Sharing The Vatican's Secrets

For 500 years, the Pope's secret library - an extraordinary repository of the world's rarest books and documents - remained a secret because only a few dozen scholars at a time can fit into its tiny reading room. But there are thirty miles of shelves in the book stacks alone, reports CBS News Correspondent Allen Pizzey.
Much of the Vatican library is still a mystery. Half of the 150,000 manuscripts haven't even been properly catalogued. What has been found here are things as diverse as the love letters of Henry the Eighth, and the Epistles of St Peter.

But the past has just met the future.

Illustrated manuscripts representing a lifetime of work for a monk, documents written on animal skins, the first books ever printed, and millions of other pages and images are being scanned and digitized.
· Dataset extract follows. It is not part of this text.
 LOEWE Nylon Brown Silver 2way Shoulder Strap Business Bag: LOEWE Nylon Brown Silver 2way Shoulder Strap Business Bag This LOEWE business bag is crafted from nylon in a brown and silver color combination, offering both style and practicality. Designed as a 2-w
A joint venture between the Vatican and IBM will eventually make it all available to universities on a special Internet route.
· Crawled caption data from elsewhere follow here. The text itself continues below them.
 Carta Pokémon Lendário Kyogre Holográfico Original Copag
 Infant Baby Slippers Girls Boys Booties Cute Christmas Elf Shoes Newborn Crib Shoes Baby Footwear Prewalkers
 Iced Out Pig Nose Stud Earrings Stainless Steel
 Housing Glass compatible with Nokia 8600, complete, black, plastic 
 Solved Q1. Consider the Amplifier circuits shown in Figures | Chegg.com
"The main point is this, we don't want the treasure to remain hidden," says Archbishop Mejia, Librarian of the Holy Roman Church. "It's part of our mission to have the doors open."

Pope Nicholas V started the library before Columbus came to America. Donations from noble families and the spoils of legions sent forth by warrior Popes soon overwhelmed the original quarters, and forced expansion into many cramped chambers.

Scholars still are only allowed to see three documents a day.

"A large part of researching we've discovered is drudgery type of work involved in handwriting analysis to determine which monk wrote which part of which manuscript," says IBM's Vincent Yannuzzi, who has spent seven years setting up the digitizing program.

"We've pushed pattern recognition software technology to have a computer do that drudgery and free up more time for scholars to do intellectual work."

It will also make CD-ROMs available to allow ordinary people to tour the library.

The last wave of technology here was the invention of the printing press. Scholar monks of the time complained it would destroy their art.

Dom Ferigno, Prefect of the Vatican Library, says today's scholars welcome the computer revolution because it will provide intense and unlimited study time.

Scholars will be able to check into the world's oldest known cookbook -- with recipes from Roman times -- follow maps by Ptolemy, wonder at Aztec prints, and things not seen for centuries.

Will secrets be found?

"You never know, but it's always possible," says Archbishop Mejia.

With nearly half a million scholars and graduate students soon able to check in via computer, that may be an understatement.